Evidence kitevidence-folder-template/06-ai-workload-controls/prompt-tool-call-logging.md
AI workload controls
Prompt / tool-call logging
# Prompt / tool-call logging
Evidence that prompts, tool calls, and outputs are logged with a policy that bounds retention and access — so investigations are possible without becoming a long-term data risk.
Evidence to keep here
- Logging policy — what's logged, retention, who can read it.
- Sample log entry — sanitized.
- Access controls — who can query the logs.
Logging policy template
# AI Inference Logging Policy
## What we log
For every inference request:
- Timestamp, request ID, tenant ID, user ID
- Endpoint, model, input/output token counts
- Latency, status code
For inference requests **flagged for review** (per the abuse runbook):
- Full prompt
- Full output (or hash, depending on customer DPA)

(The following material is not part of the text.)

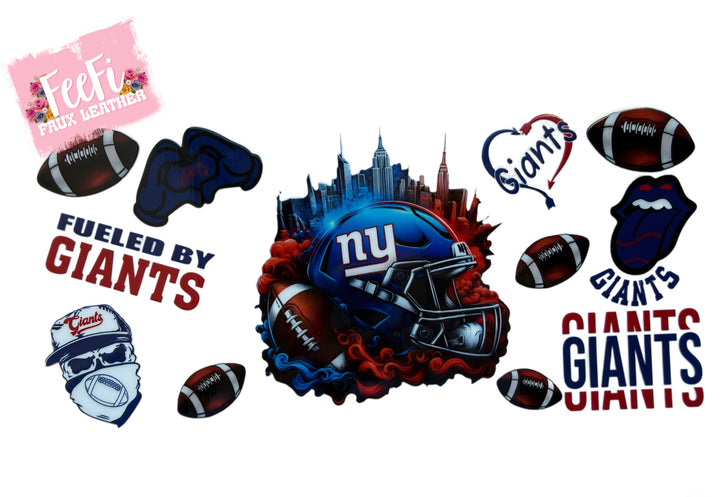Giants Football UV DTF Cup Wrap – Easy Cup Wrap for Tumblers & Projects FeeFiFauxLeather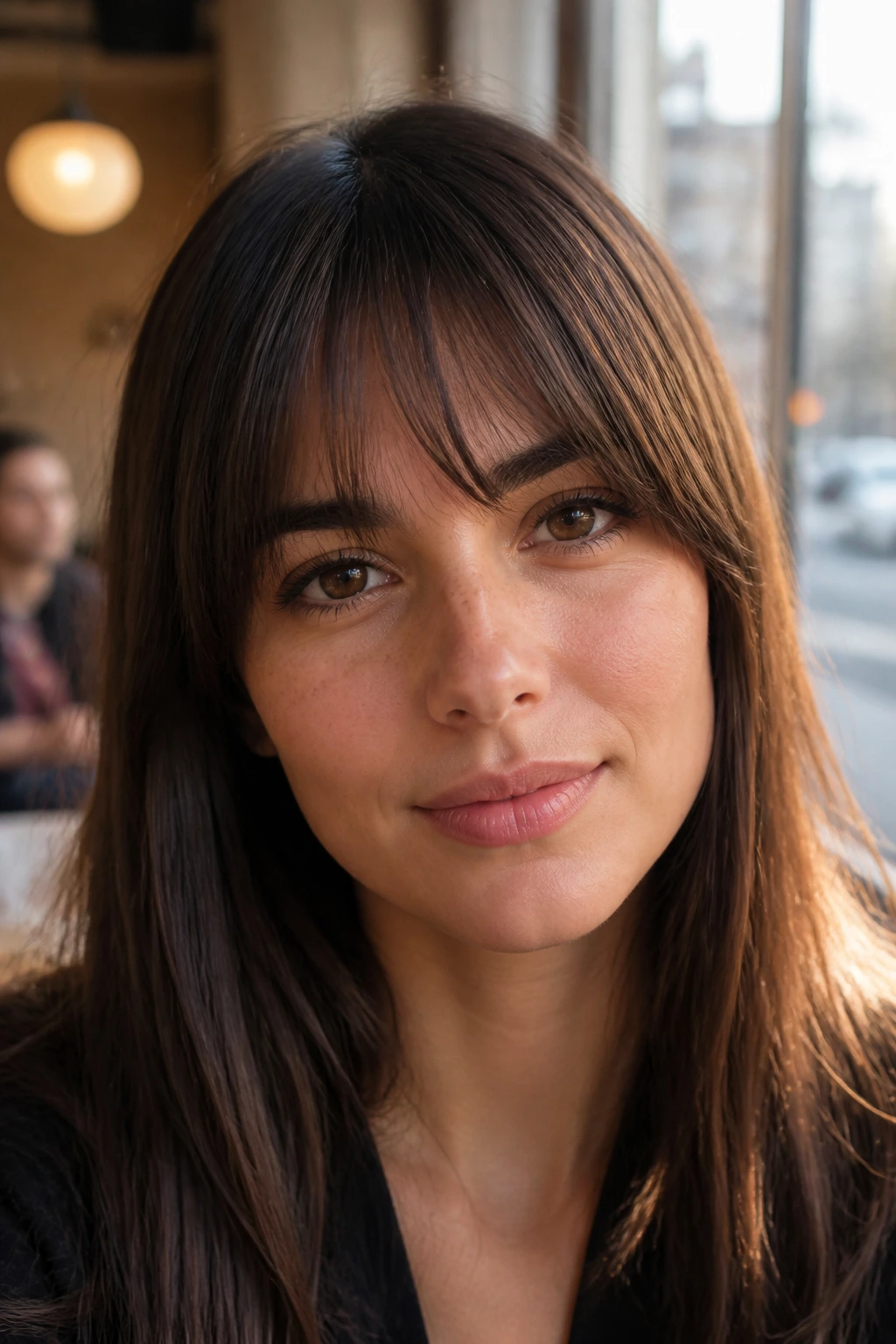 Close-up portrait of a real woman with Parisian bangs on straight hair in a sunlit cafe setting.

- Tool calls made and their results
For routine traffic:
- {{policy: store hashes of prompt + output, retain full content for N days, etc.}}
## What we don't log
- {{e.g. customer PII unless required for incident investigation}}
- {{e.g. authentication tokens, API keys}}
## Retention
| Log type | Retention |
| ----------------------------- | --------------------------------------- |
| Request metadata (no content) | 365 days |
| Sampled prompt+output content | 30 days |
| Flagged-for-review content | 90 days, with security-team access only |
## Access
- Application engineers: metadata logs only
- AI / safety team: metadata + sampled content
- Security: all logs, for active investigations
Reading the flagged-content store requires an access-review entry (who, when, why).

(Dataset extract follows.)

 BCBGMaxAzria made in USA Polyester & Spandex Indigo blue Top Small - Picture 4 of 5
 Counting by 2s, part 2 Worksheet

## Customer data alignment
This policy must align with our customer DPA terms. If a customer contract states "no AI training on
customer data" or "30-day retention," our policy must respect the stricter term.

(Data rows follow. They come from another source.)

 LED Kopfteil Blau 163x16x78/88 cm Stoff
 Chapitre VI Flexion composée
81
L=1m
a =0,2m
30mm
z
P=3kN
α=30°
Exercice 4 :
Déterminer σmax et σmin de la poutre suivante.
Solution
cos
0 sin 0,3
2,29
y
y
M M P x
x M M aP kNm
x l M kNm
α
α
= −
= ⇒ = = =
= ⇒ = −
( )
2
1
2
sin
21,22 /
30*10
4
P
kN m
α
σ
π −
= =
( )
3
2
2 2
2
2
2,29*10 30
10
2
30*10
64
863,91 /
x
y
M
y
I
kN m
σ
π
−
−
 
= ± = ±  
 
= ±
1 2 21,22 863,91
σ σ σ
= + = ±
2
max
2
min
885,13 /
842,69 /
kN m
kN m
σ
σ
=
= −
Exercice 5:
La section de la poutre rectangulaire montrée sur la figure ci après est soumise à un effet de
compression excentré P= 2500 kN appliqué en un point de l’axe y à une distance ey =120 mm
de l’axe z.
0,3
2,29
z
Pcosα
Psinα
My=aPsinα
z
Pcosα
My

How to gather sample evidence
# Pull a sanitized sample log entry from your logging backend
# (Datadog / Honeycomb / Loki / native)
# Replace any actual content with [REDACTED] before saving
Sample answer for the questionnaire
Inference requests are logged centrally with retention bounded per the policy in
prompt-tool-call-logging.md. Metadata (timestamps, token counts, tenant IDs) is retained for 365 days; content is sampled for 30 days; flagged-for-review content is retained for 90 days with security-team-only access. Retention windows align with customer DPA terms; we do not retain customer prompts longer than contracted.
Example filenames
inference-logging-policy-2026.md
sample-log-entry-sanitized-2026-05-15.json
log-access-roles-2026-05-15.md
Refresh
Policy: annually unless changed. Sample log: quarterly.